I am a total novice, only I really like the looks of some tanks I have seen on the web and on Youtube.

Thanks for your insight.

Michael


----------



## snyderguy (Feb 9, 2010)

Aquabid.com is a very good site for buying fish online. There's some very good looking fish on there. Not sure if they have corals though.


----------



## funlad3 (Oct 9, 2010)

I've never heard any stories about Live Aquaria where they didn't give a full refund if things went wrong. (And with them, it's only when the delivery service messes up.)

Welcome to Fish Forums, look around, and read and research until you can't find any new materials.

Have fun! :fun:


----------



## MK-reef (Nov 5, 2011)

*I will try them both....*

Thanks, that was quick replies.
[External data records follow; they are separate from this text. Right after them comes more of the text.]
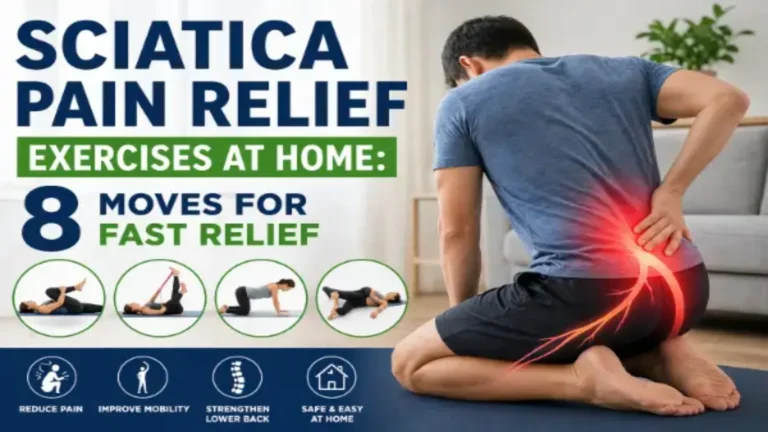 Best Mattress for Back and Joint Pain 2026 | Wake Up Pain-Free Every Morning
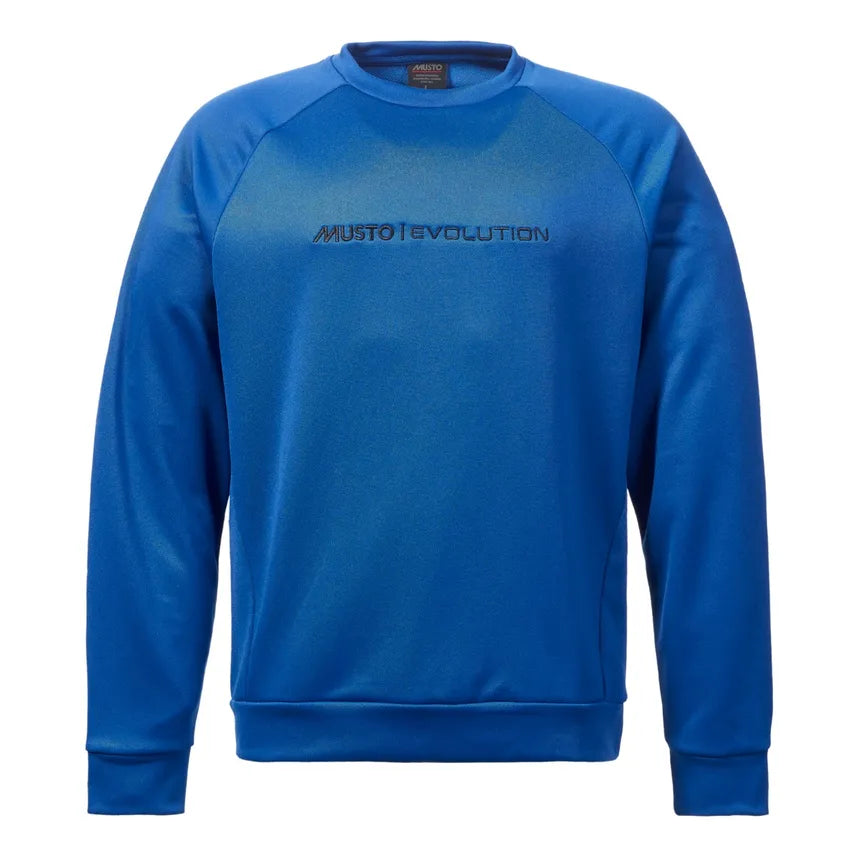 Musto Men's Evolution Osm Technical Crew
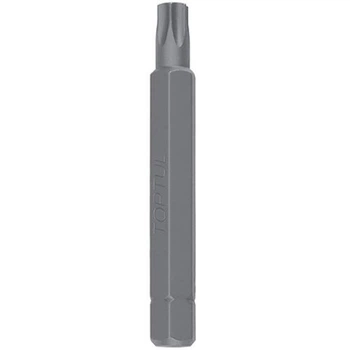 Насадка 10 мм L75 мм TORX T20 TOPTUL FSEB1220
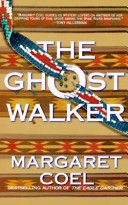 Book cover for Ghost Walker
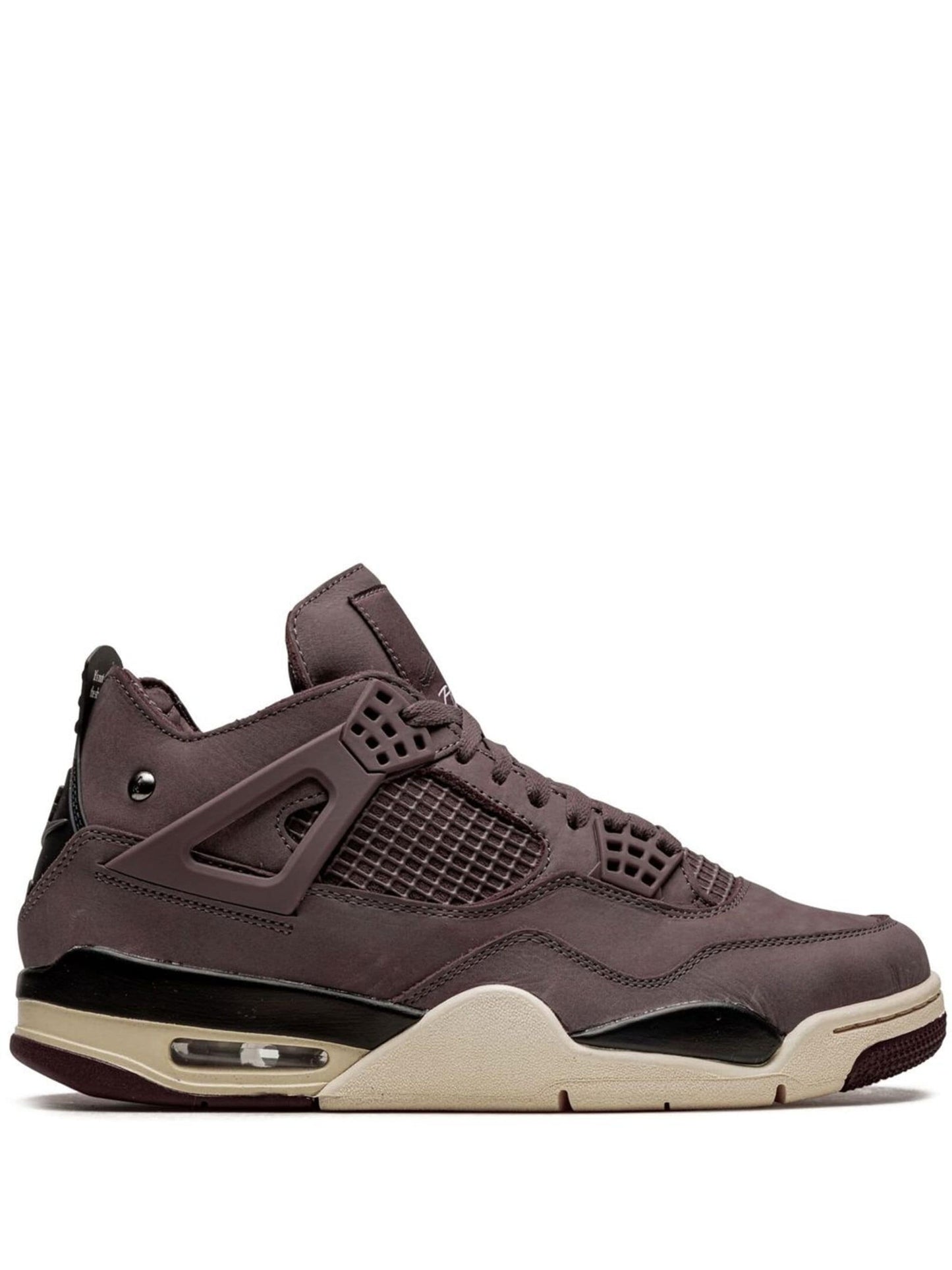 jordan retro 4 ma maniere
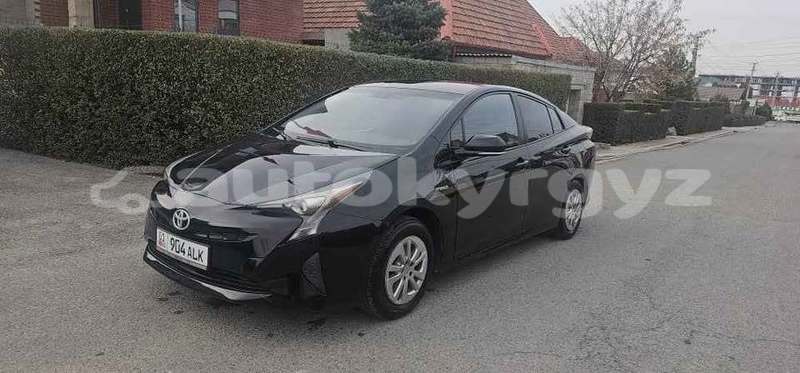 Big with watermark toyota prius bishkek bishkek 5873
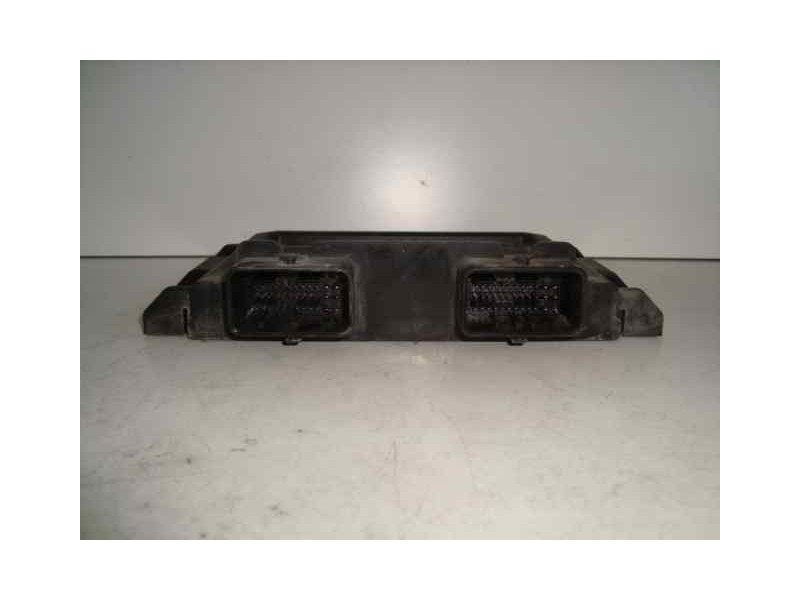 Recambio de centralita motor uce para peugeot 206 berlina 1.9 diesel referencia OEM IAM R04080015G-DWLC12-9639587680-9640899880 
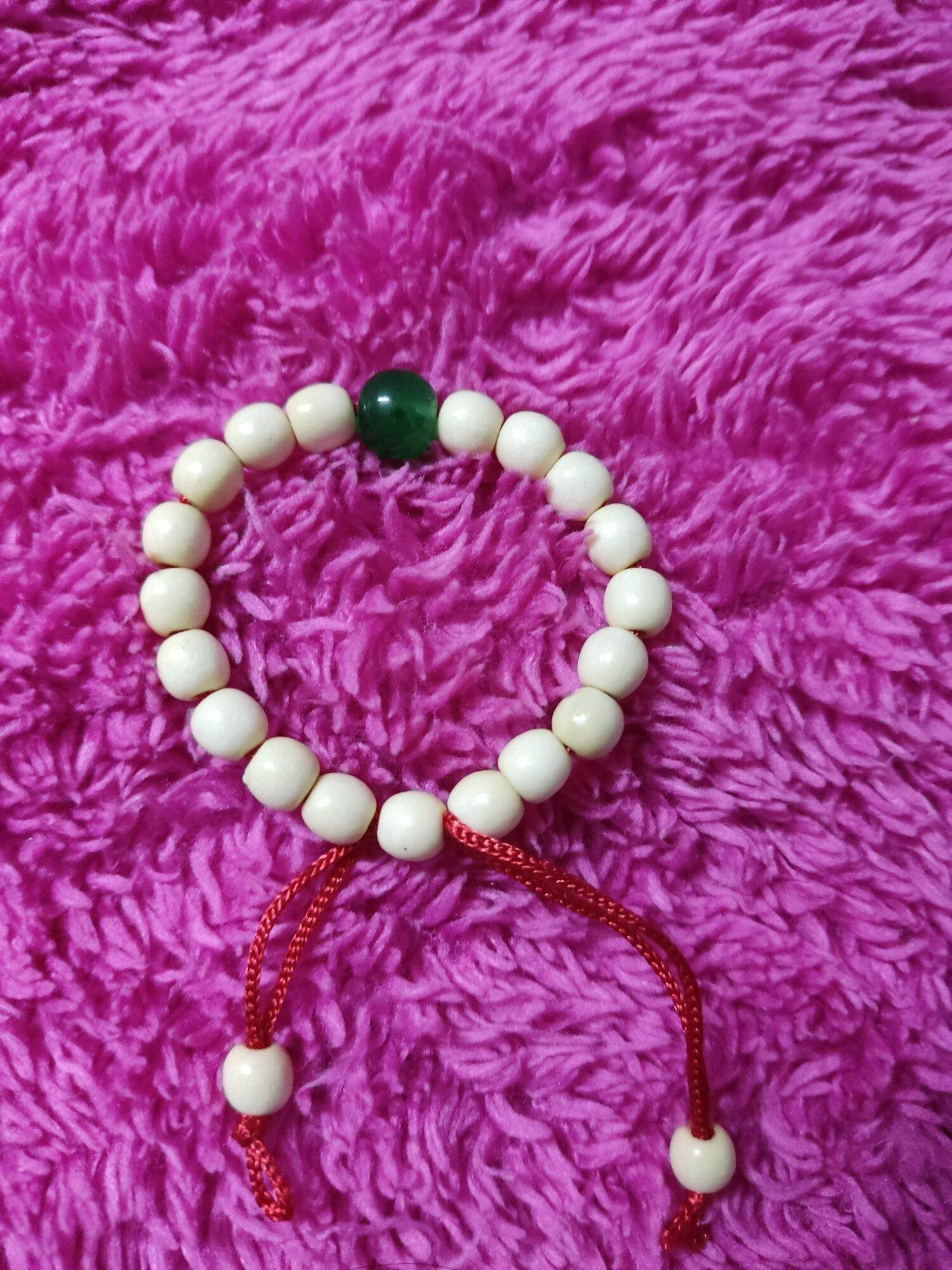 VÒNG DÂU TẰM MIX ĐÁ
Glad this forum is here, thanks. I'll let you know how it goes. I read some great posts for beginners, useful info.

Thanks again


----------



## RollerDJ (Aug 17, 2011)

I've heard nothing but good things live aquaria. I plan on ordering a good chunk of my SW fish when I get started from them since there are no good LFS with SW fish.


----------



## lmb (Nov 1, 2011)

Aquabid doesn't really have a nice saltwater section as they do freshwater sadly.

Glad that you decided to use Live Aquaria, I have also reported good things from them


----------



## Fishpunk (Apr 18, 2011)

lmb said:


> Aquabid doesn't really have a nice saltwater section as they do freshwater sadly.


The saltwater section on Aquabid is fine. The problem is that people aren't breeding saltwater fishes so they don't have a lot of participation. Two different problems. Anyway, I suspect over the next decade or two you will see more captive bred marine fish that will appear in places like Aquabid since the techniques for breeding marine fish are improving all the time.


----------